In the 1950s, Fred Bear, Earl Hoyt and Ben Pearson developed affordable, high-quality bow hunting equipment for the masses. The three men filmed their hunts and created educational programs that furthered the popularity of bow hunting.
Modern bow hunting hasn't changed much from the original except for the equipment. Today, bow hunters can choose from a variety of bows, arrows and arrowheads. Types of bows include:
- Traditional bow -- Also known as the longbow, it is the most basic of bow designs. The bow is straight until it is strung, then it curves.
- Recurve bow -- This is more powerful than a straight bow and generally is not used with any type of mechanical devices.
- Compound bow -- A series of cables and pulleys reduce the amount of force needed to pull the string back. This is the most popular bow today.

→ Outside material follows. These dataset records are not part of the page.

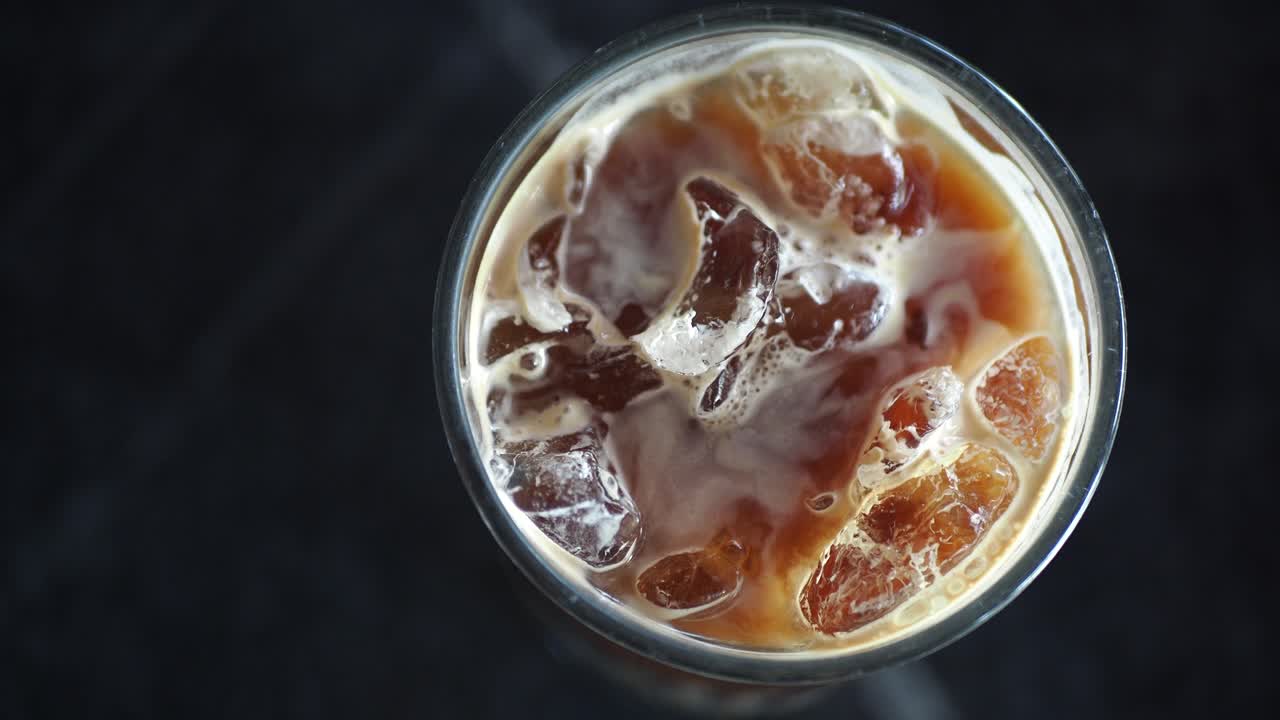 Café helado en un vaso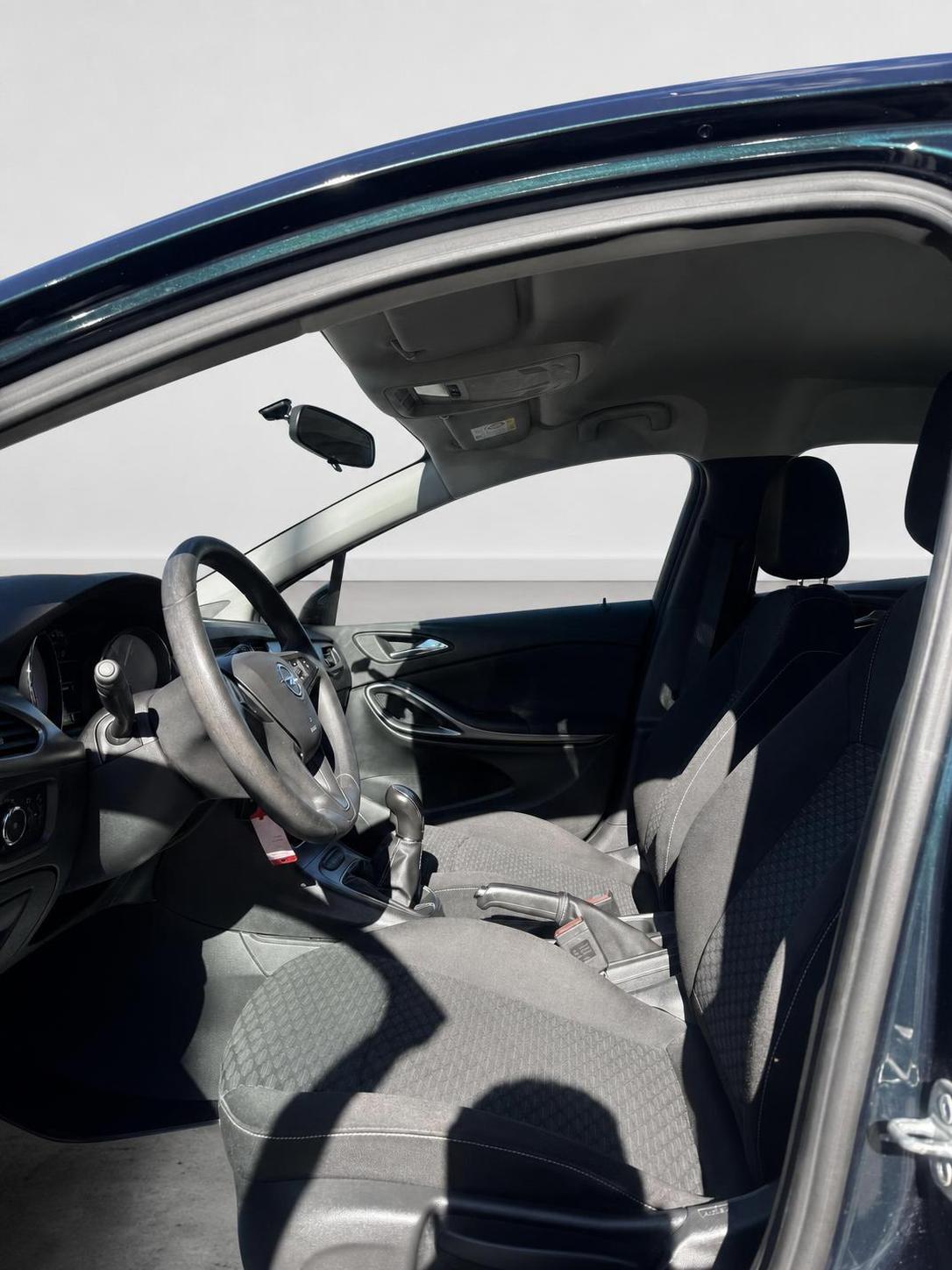 OPEL Astra 1.0i Turbo Dynamic 12 Monate Garantie-image-9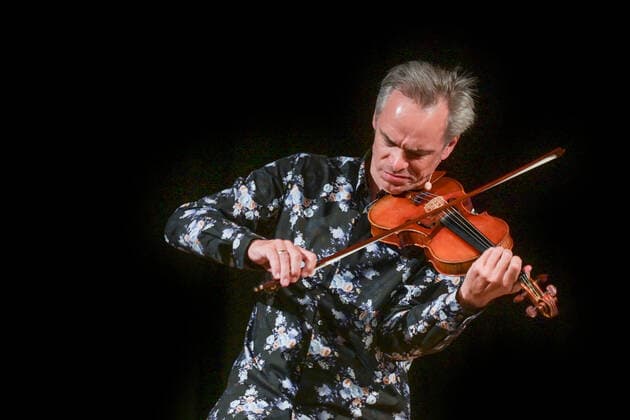 Concert of Georg Breinschmid bass Benjamin Schmid violinist and Thomas Gansch trumpet player , in the context of the Salzkammergut Festwochen Gmunden, in the Kongresshaus Toskana in Gmunden , on 24 07 21 The picture shows the violinist Benjamin Schmid 2021 Concert of Georg Breinschmid bass Ben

Arrow shafts can be made of wood, aluminum, fiberglass, carbon and a carbon/aluminum combination. Arrow heads or points come in various shapes and sizes and are chosen based on the archer's purpose. Bullet, judo, blunt and field points are all used for target practice and small game hunting. Bowfish points are used for bow fishing. Broad heads are used for small and large game hunting, and types include fixed blade, removable blade and expandable blade.